KH: I've been looking for this one movie poster for a while. It's from a movie called 'Murders in the Rue Morgue' from 1932 that starred Bela Lugosi. It's a beautiful movie poster and there's only one known to exist and it's down in L.A. as part of a collection, and that collection isn't going anywhere. So, you know, I've been putting my feelers out there for the last 10, 12, 15 years to find one, and I can't find one anywhere. So if anyone here has one in their back pocket, let's talk later!
Fan: Is there anything in your collection that inspired you to write something for Metallica?
KH: All this stuff is very inspiring to me. For years and years and years now, I've just sat in my movie poster room, a room that is full of movie posters and a couch. A lot of times I'll sit there with a guitar and an amp and just riff out and look at this stuff. This stuff is very comforting to me and very inspiring. I guess you could say it's like a muse to me. I spend a lot of time in there just riffing away and looking at these beautiful posters. It puts me in a place where I can just clear my mind.

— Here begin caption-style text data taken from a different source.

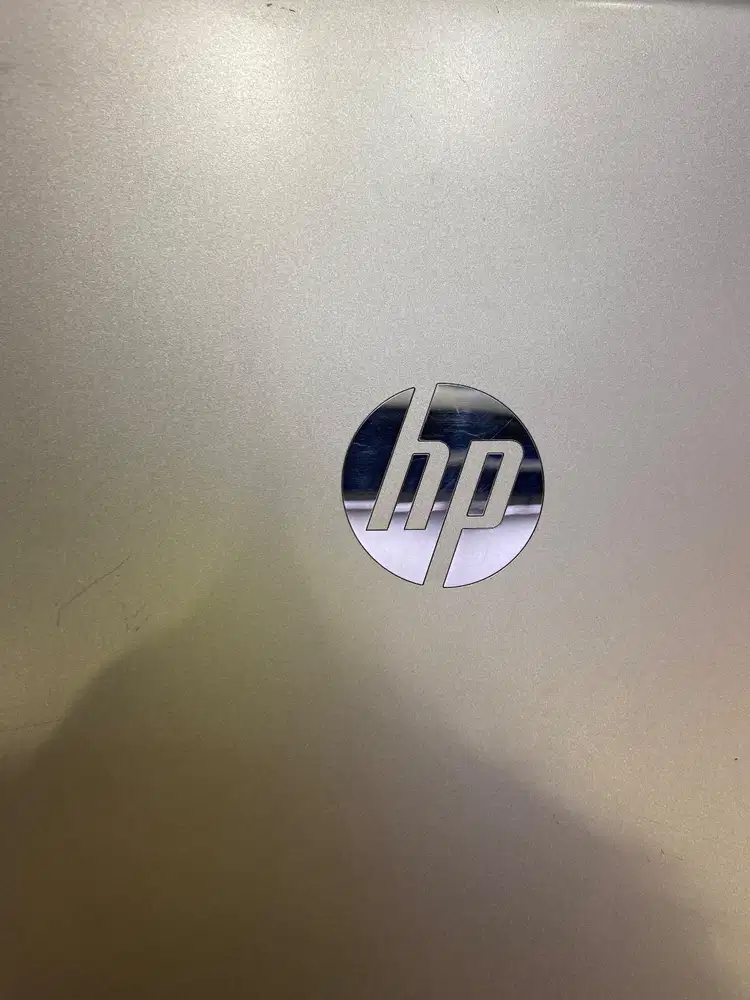 Hp pavilion x360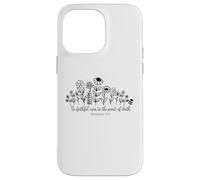 Custodia per iPhone 14 Pro Max uomini e donne cristiani fedeli che amano Dio e Gesù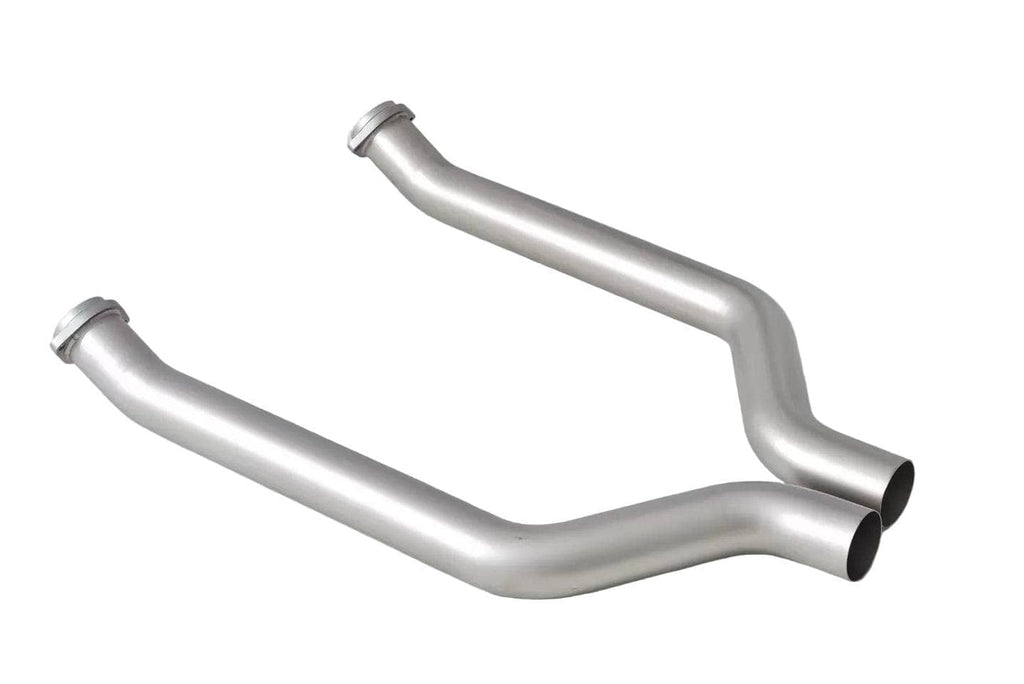 IRL V2 G90 G99 Catback Exhaust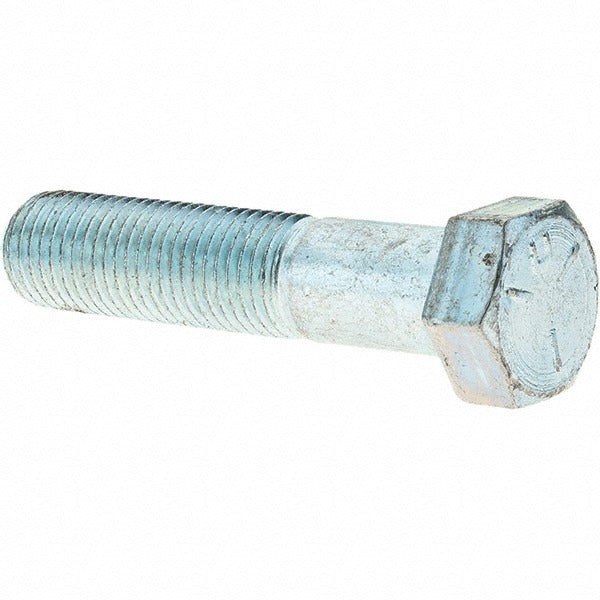 VALUE COLLECTION Value Collection MP30258 Hex Head Cap Screw 7/16-20 X 2 in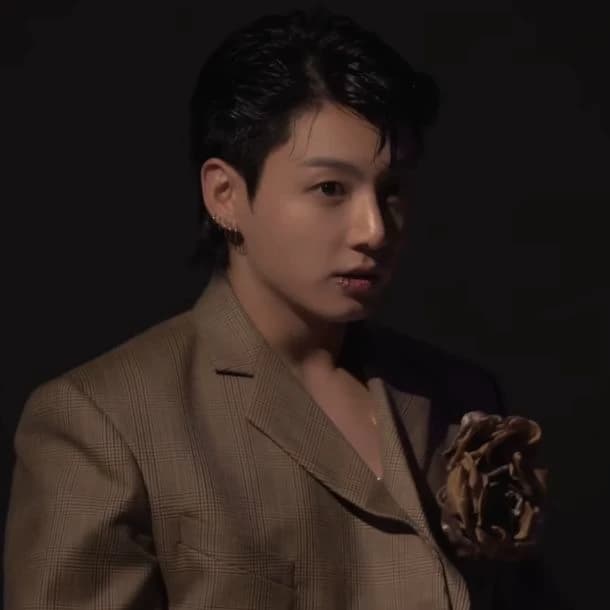Jeon jungkook thumbnail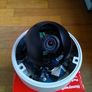 Honeywell H4S1P1X - CCTV Camera - Outdoor vandalproof - 720p - Day/ Night - 3.3mm to 12mm Variafocal Zoom Image 2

Fan: I know you like the classics, but do you like to keep up with modern horror movies?
KH: Absolutely. A few movies that I've seen recently that I've really liked are 'Trollhunter' and another movie that came out last year called 'Insidious.' When I watched that, I had goosebumps the whole time. I was just on edge. These days, the horror movie genre is strong and there are a lot of great movies that are coming out. I love 'Walking Dead,' I love 'True Blood.' I think those are great TV shows. I'm very, very psyched on where the genre is going right now.